**Directions**:
Transcribe exactly the lines from the one containing "Foto 1 de Apartamento" through the end of the entries, including both the first and the last, and nothing else.

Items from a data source
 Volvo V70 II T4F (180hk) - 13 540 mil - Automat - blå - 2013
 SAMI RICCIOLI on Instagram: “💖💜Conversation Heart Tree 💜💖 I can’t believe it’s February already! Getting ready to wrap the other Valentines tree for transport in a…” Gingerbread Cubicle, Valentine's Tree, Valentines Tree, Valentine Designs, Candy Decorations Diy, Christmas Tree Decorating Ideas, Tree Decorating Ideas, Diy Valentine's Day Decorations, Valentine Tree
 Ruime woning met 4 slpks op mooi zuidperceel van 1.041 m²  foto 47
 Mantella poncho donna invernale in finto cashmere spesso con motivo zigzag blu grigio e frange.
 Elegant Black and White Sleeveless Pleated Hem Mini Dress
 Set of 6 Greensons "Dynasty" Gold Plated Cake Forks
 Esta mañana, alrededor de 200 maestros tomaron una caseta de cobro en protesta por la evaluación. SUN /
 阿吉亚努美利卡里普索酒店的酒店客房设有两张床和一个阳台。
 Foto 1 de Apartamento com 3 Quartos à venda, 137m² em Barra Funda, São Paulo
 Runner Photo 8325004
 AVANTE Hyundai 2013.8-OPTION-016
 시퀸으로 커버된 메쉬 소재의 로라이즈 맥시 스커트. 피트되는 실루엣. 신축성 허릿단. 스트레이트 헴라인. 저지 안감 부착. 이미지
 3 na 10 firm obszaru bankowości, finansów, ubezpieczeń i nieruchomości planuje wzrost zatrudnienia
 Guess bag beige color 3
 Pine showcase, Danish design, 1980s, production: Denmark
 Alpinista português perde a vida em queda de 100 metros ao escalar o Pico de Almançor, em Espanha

**Task output**:
 Foto 1 de Apartamento com 3 Quartos à venda, 137m² em Barra Funda, São Paulo
 Runner Photo 8325004
 AVANTE Hyundai 2013.8-OPTION-016
 시퀸으로 커버된 메쉬 소재의 로라이즈 맥시 스커트. 피트되는 실루엣. 신축성 허릿단. 스트레이트 헴라인. 저지 안감 부착. 이미지
 3 na 10 firm obszaru bankowości, finansów, ubezpieczeń i nieruchomości planuje wzrost zatrudnienia
 Guess bag beige color 3
 Pine showcase, Danish design, 1980s, production: Denmark
 Alpinista português perde a vida em queda de 100 metros ao escalar o Pico de Almançor, em Espanha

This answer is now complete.